Below is a listing. Set down exactly the lines from the one containing "Edificio all\'aperto - Shop Via dell'Arca" through the one containing "Short-sleeve V-neck polo", both ends included, and leave out the rest.

*** Opening of DATA UNDER STUDY ***

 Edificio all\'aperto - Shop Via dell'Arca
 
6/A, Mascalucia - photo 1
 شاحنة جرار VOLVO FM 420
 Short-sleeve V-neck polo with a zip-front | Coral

*** Close of DATA UNDER STUDY ***
*** Opening of DATA UNDER STUDY ***

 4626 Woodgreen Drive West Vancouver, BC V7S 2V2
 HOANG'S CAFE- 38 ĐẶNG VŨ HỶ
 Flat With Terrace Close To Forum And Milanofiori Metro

*** Close of DATA UNDER STUDY ***

RESULT FOR THIS EXERCISE
 Edificio all\'aperto - Shop Via dell'Arca
 
6/A, Mascalucia - photo 1
 شاحنة جرار VOLVO FM 420
 Short-sleeve V-neck polo with a zip-front | Coral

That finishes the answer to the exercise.